Markets Stage Reversal After Broad Sell-Off, Risks Remain But Epicenter Holding Up Well

Key Takeaways

– S&P 500 closed at 4,455.48 up from 4,432.99 last week. The closing level this week is within a few points of the close two weeks ago.

– Monday saw a vicious sell-off with an intraday low of 4,305.91.  Markets closed up 3.4% from that level on Friday.

– Despite the VIX spiking to an intraday high of $28.86, credit markets didn’t budge much, which helped us advise to lean into the sell-off. VIX closed, remarkably, at $17.75.

– Key risks remain to the market and given the intensity of the sell-off (It was a 1/20 probability event since 1970 which last occurred on 5/14/21) there is a greater near-term chance of elevated volatility.

Last week we used the example of the Yom Kippur War and a daring attack by General Ariel Sharon as an example of how sometimes in the heat of the greatest risk, even though every instinct may be telling you to disengage, retreat, or for our purposes to sell, that sometimes precisely the way out of these perilous situations is to take a calculated risk instead.

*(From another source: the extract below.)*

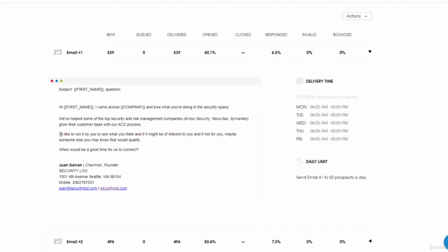This one is probably one of the most important: I'd like to run it by you to see what you think and if it might be of interest to you. And if not for you, maybe someone else you may know that would qualify. This is artfully vague 101, extremely powerful.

The reason we bring this up is because we don’t want you to think of last Friday’s note as linked with this event but rather as a piece of perennial market logic that can always be applied. Contrarian investing isn’t done by people who just talk about tail risks and take the other side of widely used arguments; they are people who take contrary action.

It is hard to take contrary action, and it is even harder when the blood is high and a mix of impulses and chemicals permeate through our brain and impair our decision making and problem-solving ability. This happens to us all on days like Monday, yes we all feel the swoon just as much as you guys do. We promise.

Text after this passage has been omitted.